Mas não. Não havia nada disso. Ela tinha tomado a sua decisão por razões de peso... e eram as razões que a faziam feliz.

Quando se abriram as portas do elevador, Carolyn tinha voltado a ser ela mesma. Lidaria com aquele projecto de apadrinhamento à sua maneira. Apertando o envelope, fez uma lista mental de tarefas, pondo cada coisa no seu sítio, tratando-o como mais uma tarefa. Distanciando-se, mantendo as suas emoções fora da equação.

Era a melhor maneira de proteger o seu bem mais prezado... O que tinha jurado não voltar a deixar exposto outra vez.

O seu coração.

 

 

O último sítio onde Nick Gilbert esperava estar numa sexta-feira à noite era numa loja de brinquedos.

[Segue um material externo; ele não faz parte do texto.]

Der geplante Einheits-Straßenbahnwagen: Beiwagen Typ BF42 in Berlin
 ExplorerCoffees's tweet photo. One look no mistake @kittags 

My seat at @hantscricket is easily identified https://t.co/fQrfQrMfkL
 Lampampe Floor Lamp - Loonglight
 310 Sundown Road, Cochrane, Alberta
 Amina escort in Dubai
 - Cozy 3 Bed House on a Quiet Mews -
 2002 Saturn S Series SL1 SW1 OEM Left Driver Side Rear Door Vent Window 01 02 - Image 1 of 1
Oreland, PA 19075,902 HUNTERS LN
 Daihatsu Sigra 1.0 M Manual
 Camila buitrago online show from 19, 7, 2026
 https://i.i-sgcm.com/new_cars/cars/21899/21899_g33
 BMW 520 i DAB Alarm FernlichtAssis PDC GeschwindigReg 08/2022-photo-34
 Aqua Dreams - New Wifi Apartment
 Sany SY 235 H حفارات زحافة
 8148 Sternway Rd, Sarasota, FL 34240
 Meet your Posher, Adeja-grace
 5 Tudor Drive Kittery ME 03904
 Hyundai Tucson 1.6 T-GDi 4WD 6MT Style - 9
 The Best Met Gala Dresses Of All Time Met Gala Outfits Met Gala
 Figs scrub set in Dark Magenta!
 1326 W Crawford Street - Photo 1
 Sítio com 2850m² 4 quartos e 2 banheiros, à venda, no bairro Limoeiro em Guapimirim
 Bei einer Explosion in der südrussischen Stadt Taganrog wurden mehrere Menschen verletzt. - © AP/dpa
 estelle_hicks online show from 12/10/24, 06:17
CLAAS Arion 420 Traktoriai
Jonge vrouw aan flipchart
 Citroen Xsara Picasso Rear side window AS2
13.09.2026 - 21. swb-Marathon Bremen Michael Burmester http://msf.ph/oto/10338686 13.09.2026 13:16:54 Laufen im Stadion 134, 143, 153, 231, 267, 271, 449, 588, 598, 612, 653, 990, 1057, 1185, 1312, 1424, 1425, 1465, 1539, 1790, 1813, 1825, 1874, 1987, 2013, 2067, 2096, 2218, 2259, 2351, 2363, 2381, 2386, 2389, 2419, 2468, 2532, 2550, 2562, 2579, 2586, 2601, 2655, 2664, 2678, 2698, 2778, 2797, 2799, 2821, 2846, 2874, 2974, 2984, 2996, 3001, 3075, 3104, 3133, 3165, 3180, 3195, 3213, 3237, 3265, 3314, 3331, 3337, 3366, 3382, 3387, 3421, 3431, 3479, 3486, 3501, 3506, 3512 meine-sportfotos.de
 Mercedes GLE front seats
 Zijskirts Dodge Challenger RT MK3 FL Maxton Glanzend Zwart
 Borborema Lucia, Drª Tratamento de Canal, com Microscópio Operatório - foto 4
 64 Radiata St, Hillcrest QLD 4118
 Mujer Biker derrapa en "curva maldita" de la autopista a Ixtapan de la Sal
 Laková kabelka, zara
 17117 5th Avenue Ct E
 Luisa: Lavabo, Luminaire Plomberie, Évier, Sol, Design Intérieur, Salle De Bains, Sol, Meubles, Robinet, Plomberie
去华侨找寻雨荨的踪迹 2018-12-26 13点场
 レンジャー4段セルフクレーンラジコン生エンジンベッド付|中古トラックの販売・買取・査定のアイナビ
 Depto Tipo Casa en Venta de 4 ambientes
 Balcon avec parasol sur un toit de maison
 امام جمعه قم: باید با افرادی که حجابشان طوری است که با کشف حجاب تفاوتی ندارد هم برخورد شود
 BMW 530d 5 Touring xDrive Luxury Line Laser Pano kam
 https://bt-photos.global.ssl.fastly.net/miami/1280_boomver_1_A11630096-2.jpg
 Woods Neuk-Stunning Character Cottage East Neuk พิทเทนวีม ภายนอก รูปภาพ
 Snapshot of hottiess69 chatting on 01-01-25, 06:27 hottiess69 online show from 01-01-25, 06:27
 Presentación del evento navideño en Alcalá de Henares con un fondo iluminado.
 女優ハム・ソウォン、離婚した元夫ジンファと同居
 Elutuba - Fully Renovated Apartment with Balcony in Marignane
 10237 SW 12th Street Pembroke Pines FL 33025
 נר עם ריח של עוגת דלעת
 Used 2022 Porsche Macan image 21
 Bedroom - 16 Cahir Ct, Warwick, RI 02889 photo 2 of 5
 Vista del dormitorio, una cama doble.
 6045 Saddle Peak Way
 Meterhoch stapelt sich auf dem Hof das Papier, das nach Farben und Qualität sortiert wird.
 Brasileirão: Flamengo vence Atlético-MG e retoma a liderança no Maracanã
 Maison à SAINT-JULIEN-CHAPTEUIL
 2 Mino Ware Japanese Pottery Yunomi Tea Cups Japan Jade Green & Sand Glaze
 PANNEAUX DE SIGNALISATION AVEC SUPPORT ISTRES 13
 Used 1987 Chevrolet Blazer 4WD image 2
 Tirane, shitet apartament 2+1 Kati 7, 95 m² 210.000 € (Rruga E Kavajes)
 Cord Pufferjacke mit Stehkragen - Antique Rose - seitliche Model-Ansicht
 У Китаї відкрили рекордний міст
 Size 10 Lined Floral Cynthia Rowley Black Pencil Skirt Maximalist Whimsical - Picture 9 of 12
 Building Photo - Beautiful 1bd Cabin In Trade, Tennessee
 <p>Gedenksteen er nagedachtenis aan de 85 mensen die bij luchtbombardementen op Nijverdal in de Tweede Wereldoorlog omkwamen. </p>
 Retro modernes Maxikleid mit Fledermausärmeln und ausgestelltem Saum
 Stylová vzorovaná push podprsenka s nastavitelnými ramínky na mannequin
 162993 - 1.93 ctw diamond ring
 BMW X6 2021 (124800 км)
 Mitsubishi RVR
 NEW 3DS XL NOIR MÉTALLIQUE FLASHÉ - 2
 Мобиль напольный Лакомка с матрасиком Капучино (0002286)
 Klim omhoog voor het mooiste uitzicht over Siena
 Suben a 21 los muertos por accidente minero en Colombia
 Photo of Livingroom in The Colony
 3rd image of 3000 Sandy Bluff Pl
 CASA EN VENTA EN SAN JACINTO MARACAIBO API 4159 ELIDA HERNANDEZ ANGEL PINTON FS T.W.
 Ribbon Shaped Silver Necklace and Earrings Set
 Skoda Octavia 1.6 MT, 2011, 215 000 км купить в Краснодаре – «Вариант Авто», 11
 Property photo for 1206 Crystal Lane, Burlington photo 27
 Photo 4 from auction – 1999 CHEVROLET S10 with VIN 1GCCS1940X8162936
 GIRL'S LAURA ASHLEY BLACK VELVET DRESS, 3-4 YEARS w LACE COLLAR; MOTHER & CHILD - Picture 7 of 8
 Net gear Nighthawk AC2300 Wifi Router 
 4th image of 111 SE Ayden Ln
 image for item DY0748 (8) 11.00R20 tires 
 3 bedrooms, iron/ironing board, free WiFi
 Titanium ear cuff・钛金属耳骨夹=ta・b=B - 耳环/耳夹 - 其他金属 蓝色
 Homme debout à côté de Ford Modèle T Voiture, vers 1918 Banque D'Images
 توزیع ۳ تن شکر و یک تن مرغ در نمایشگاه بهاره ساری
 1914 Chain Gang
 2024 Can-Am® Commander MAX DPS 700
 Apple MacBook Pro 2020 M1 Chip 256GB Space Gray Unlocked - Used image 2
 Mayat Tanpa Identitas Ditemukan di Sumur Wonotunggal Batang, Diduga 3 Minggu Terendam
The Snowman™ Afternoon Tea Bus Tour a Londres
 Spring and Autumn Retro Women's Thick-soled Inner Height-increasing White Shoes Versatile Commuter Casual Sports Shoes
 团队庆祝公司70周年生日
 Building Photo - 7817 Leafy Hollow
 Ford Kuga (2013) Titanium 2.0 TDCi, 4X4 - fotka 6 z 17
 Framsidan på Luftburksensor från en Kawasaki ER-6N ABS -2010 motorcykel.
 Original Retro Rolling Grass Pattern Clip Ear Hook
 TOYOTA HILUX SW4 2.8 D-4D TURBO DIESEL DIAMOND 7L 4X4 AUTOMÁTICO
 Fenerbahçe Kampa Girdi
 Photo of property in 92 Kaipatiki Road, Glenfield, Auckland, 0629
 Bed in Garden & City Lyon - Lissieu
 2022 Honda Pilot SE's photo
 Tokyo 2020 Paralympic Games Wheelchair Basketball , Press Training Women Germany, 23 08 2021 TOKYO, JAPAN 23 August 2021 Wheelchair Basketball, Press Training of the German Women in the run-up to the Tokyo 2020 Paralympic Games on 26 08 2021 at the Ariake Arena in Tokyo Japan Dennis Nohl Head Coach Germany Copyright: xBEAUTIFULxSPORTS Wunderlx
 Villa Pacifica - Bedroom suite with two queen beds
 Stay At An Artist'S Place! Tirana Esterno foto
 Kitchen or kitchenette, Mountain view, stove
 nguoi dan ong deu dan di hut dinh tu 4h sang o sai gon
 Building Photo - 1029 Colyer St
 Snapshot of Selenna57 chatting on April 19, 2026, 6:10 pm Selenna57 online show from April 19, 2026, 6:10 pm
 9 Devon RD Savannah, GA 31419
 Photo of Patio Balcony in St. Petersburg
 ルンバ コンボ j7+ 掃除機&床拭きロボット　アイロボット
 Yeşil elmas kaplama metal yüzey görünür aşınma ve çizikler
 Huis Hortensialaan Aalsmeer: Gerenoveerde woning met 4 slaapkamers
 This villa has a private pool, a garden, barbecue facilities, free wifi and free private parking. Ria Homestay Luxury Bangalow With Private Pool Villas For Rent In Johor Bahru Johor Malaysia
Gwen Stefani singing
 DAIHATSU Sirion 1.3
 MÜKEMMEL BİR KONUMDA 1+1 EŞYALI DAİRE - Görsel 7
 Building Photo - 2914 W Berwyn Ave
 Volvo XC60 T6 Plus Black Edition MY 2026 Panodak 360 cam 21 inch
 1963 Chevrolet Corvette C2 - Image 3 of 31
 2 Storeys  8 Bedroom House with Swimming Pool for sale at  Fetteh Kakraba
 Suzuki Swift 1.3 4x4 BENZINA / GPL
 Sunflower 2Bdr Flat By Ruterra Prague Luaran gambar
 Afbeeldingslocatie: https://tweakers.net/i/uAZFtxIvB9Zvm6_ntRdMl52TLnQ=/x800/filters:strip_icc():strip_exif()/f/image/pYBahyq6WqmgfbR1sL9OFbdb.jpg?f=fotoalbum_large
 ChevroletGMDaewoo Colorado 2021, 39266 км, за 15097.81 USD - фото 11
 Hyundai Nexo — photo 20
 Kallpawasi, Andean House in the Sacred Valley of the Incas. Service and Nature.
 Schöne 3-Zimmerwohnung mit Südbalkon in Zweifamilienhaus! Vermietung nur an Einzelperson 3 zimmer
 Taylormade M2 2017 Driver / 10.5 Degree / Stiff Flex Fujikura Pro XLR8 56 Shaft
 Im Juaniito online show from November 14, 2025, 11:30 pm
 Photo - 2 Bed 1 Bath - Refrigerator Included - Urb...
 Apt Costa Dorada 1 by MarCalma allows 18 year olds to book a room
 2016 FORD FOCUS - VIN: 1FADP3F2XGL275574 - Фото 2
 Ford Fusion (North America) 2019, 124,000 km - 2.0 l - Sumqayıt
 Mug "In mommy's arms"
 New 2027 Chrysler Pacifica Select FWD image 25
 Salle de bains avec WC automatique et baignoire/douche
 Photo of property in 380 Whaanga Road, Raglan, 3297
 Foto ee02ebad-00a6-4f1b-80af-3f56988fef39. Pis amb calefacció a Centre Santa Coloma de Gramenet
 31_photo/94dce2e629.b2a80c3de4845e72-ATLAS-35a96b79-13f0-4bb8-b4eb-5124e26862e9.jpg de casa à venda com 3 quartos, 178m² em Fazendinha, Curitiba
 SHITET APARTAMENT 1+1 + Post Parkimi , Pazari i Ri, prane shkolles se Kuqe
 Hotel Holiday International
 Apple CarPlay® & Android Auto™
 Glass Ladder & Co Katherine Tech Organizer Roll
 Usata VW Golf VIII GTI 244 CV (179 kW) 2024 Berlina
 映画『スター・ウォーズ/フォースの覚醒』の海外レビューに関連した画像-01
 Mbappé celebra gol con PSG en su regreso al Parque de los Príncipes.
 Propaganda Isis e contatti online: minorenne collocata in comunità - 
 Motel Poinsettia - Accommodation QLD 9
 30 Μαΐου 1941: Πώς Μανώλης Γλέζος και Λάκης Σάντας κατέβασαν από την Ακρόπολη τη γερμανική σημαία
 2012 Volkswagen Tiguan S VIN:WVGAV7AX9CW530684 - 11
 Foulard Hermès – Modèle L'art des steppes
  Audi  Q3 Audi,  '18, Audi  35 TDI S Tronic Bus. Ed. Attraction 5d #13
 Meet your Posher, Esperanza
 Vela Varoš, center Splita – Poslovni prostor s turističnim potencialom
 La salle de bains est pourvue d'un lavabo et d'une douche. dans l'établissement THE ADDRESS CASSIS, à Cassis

Mas ali estava, a tentar decidir-se entre uma boneca que chorava e uma que arrotava. Na sua opinião, nenhuma das duas era realmente interessante. Arrotar podia ser uma opção divertida... mas só se fosse um adolescente e quisesse fazer rir os seus colegas na aula de matemática. Embora, a julgar pela quantidade de caixas que faltavam na prateleira, as duas fossem muito populares.

A que chorava... Ou a que arrotava?

Ele tinha crescido no seio de uma família numerosa, mas não sabia nada sobre crianças. Porque aceitara apadrinhar uma? No que estava a pensar?

Tinha-o convencido uma fotografia. E a lista de desejos e necessidades que havia no relatório. Tinha pensado, com a sua atitude típica de «eu consigo fazer tudo», que conseguiria lidar com aquilo sem nenhum problema.

Pois, pois! Teria conseguido juntar mais facilmente uma manada de elefantes.

E, na verdade, também tinha pensado que encher um carrinho de brinquedos e ir ao lanche de beneficência encheria um pouco aquele vazio que ultimamente tinha no peito. Um sentimento absurdo, porque deveria estar contente. Tinha tudo o que precisava: uma boa carreira, bons amigos, uma família que o amava. Um estilo de vida fácil que exigia muito pouco.

E, mesmo assim...

Sem se dar conta, carregou nos botões das bonecas, que deixaram escapar um risinho e um arroto ao mesmo tempo. Duas senhoras viraram-se, com expressão divertida e caridosa ao mesmo tempo. Um homem na prateleira das bonecas. Aparentemente, estava a transformar-se num objecto de compaixão.

– É uma experiência antes de ter um filho – brincou. – Acho que gosto mais da que arrota. É mais divertida.

As senhoras abanaram a cabeça, rindo-se, enquanto se afastavam.

Nick guardou as duas caixas no carrinho e virou à direita, com intenção de sair da loja de brinquedos o mais depressa possível. Aquilo não era para ele. Mas, ao contornar a esquina para se dirigir para a caixa, o seu carrinho chocou com outro, sacudindo as bonecas, que se queixaram com outro choro e arroto.

Nick quase não se deu conta. Porque, de repente, se encontrou a olhar para a única mulher que não fora capaz de esquecer.

Carolyn Duff.

Tinha uns olhos verdes, profundos, tão grandes que pareciam dois lagos convidativos à luz da lua. Usava um fato cinzento que escondia as suas curvas e uns sapatos de salto raso que não destacavam as suas pernas, mas que lhe recordavam como eram bonitas. E o cabelo loiro preso num coque severo. Embora Nick soubesse que, quando o deixava solto, era suficientemente comprido para roçar as suas maçãs do rosto e o seu queixo.

Por fora, tudo em Carolyn era delicado. E, no entanto, por dentro era forte.

Ela fora a única rapariga que o tinha intrigado na universidade. O seu estilo seco tinha-lhe parecido um desafio. Porque, quando se tinham conhecido e a fizera rir-se, tinha visto a verdadeira Carolyn. E depois a única coisa que tinha desejado fora tirar-lhe todas aquelas camadas de seriedade, para que relaxasse, para que deixasse de ser a rapariga concentrada só nos seus estudos.

E depois de o conseguir, fizera uma coisa absolutamente espontânea: casara-se com ela. O maior erro da sua vida.

E agora esse erro estava ali, diante dele.